Lalu saya nyamber : penonton gegeran dhewe (berantem sendiri) berbekal kesan masing-masing. Panggung melahirkan panggung.
Dalam hitungan detik, langsung diretwit oleh Pak Presiden Jancukers. Bangga? Iya lah. Meskipun ini bukan kali pertama caper saya direspon mbah Tedjo, tetapi dalang nyeleneh ini saya anggap pelit dan agak sulit dipahami. Jarang mengutip twit dan tak mudah menghargai opini orang lain. Lebih sering ngenyek dengan menyinggung level IQ. Pancen nganyelke . Mohon ampun nggih, Mbaah... Ya tetapi, itulah Pak Sudjiwo yang memang terkenal Tedjo.
Di luar urusan sukses membetot perhatian Pak Dalang dan beberapa akun lain termasuk Mas Fajar Nugros, praktisi film-film top tanah air, saya kemudian merenung, bahwa kalimat panggung melahirkan panggung memang bermakna. Itu pendapat saya. Anda boleh tidak setuju. Bebas saja. Yang penting terus baca tulisan ini sampai habis. Pliiis, *maksa*
Sebuah panggung, tontonan, kejadian atau apalah namanya, tidak lah berdiri sendiri. Satu panggung adalah efek, dampak dari pagelaran pada panggung sebelumnya. Pun, sebuah panggung bisa menjadi sebab, atau rahim bagi lahirnya stage untuk kisah berikutnya. Selalu ada benang merah antara satu peristiwa dengan kejadian lain. Entah sebelum atau sesudahnya.
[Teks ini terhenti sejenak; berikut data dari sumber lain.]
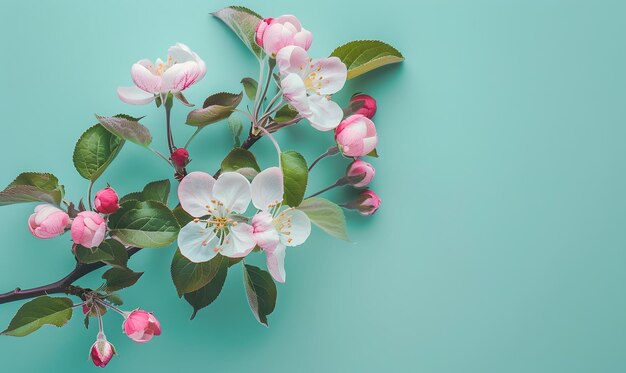 a branch of pink flowers with green leaves and pink flowers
Bertebaran Panggung di Sekitar Kita
Pilpres 2014 telah lama usai. Layar pemilu ditutup, panggung dibongkar, setting dan segala properti -- baliho, banner, kotak suara, bilik pemilu, paku alat coblos, semua telah dibereskan.
Tetapi, panggung pilpres belum sepenuhnya usai. Penonton yang membawa pulang kesannya masing-masing, terus saja menggelar panggung demi panggung. Pilpres telah menjadi rahim yang subur , sukses beranak pinak melahirkan banyak panggung.
Anak-anak panggung ini, memiliki karakter khas. Mereka setia penuh permakluman dan sanjung puja kepada kelompok mereka. Tetapi, sadis dan raja tega kepada kubu lawan. Demi memuaskan rasa suka atau benci, rela membuang logika.
Contoh : Ini saya baca beberapa hari lalu. Ada sebuah ajakan bersikap untuk pilgub yang akan berlangsung di salah satu propinsi di Pulau Jawa. Bunyinya kurang lebih : Jangan dulu menentukan dukungan, kita lihat kubu sebelah dukung siapa. Intinya, kita harus head to head lagi. Kita kandaskan mereka.
Hadeh, ini memilih kepala daerah Bro, bukan pemilihan ketua geng. Kok bukan mengajak melihat kompetensi calon demi kemaslahatan umat, tetapi malah fokus pada balas dendam? Sampai kapaaan ini dipelihara? Bagaimana nasib anak-anak nanti, jika setiap hari terpapar pola pikir dendam kesumat semacam ini?